Every twenty years, the two main buildings inside the Ise Jingu Shrine are rebuilt. Located in Ise City, Mie Prefecture, the Ise Jingu Shrine is a huge shrine complex dedicated to the goddess Amaterasu-omikami. 2013 marks the 62nd undertaking of this major event. Aside from the two main shrines, the Ise Jingu Shrine consists of about 125 shrines, and there are many other revered religious and historic sites in and around Ise City. Throughout the year, many festivals and ceremonies are held at and around the complex.
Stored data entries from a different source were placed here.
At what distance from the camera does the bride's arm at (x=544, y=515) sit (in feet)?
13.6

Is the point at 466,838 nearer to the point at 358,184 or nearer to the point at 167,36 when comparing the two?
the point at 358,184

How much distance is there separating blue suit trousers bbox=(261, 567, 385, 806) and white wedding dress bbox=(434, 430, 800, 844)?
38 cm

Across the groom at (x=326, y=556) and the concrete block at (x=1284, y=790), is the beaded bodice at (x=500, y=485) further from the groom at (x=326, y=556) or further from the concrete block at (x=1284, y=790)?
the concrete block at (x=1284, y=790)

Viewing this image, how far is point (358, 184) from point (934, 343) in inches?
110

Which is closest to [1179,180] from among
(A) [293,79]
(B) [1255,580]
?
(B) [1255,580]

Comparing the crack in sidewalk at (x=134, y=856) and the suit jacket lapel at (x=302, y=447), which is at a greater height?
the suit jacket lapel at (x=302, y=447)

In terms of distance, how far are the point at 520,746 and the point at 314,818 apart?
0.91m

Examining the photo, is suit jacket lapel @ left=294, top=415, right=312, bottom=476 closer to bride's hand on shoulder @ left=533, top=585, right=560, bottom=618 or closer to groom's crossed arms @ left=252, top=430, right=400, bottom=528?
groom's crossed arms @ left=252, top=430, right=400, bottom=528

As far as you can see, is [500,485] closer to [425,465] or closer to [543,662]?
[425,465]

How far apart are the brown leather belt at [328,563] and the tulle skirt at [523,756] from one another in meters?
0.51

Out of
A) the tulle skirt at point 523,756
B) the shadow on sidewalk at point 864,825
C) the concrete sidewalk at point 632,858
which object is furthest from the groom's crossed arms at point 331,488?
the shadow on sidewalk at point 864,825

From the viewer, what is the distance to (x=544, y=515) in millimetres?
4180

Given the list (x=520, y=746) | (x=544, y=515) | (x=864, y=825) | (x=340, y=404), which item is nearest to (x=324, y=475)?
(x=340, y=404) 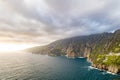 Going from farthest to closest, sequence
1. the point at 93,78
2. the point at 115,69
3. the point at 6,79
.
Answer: the point at 115,69
the point at 93,78
the point at 6,79

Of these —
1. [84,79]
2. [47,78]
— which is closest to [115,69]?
[84,79]

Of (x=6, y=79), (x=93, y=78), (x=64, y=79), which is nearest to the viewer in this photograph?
(x=6, y=79)

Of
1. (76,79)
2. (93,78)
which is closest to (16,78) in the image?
(76,79)

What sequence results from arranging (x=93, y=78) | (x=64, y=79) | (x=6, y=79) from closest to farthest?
(x=6, y=79)
(x=64, y=79)
(x=93, y=78)

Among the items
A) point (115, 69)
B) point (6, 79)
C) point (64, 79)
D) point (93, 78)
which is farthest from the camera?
point (115, 69)

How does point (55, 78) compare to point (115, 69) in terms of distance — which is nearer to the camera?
point (55, 78)

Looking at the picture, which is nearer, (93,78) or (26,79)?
(26,79)

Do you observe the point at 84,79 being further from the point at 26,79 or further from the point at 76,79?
the point at 26,79

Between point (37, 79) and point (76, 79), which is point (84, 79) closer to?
point (76, 79) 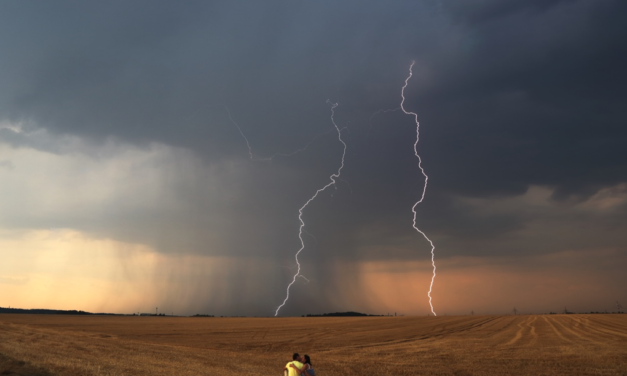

The shrines that are rebuilt are Naiku or the "Inner Shrine" and Geku or the "Outer Shrine", and they, as well as other parts of the complex that undergo any rebuilding are rebuilt according to the original design blueprints from over 1,000 years ago. This rebuilding tradition is part of the Shinto belief in the transience of life, and the renewal that follows death. It is also an invaluable way to pass on ancient building techniques from one generation to the next. The shrines are rebuilt on land that is adjacent to the existing shrines, and each rebuilding alternates between these two sites. No other shrines outside the Ise complex are allowed to use these construction designs.
The Izumo Taisha Shrine in Shimane Prefecture is another example of a shrine being rebuilt on a scheduled basis. Conversely, this shrine is rebuilt every 60 years. The current rebuilding started in 2008 and is scheduled to finish in 2013, the same year as the rebuilding for Ise Jingu Shrine will be completed.
To commemorate the 62nd rebuilding anniversary of Ise Jingu Shrine, there will be a number of special events including The Grand Shrine Exhibition at the Tokyo National Museum. Open from April 9th - June 2nd, the Grand Shrine Exhibition will feature many sacred statues and Shinto treasures held in the Shinto shrines throughout Japan.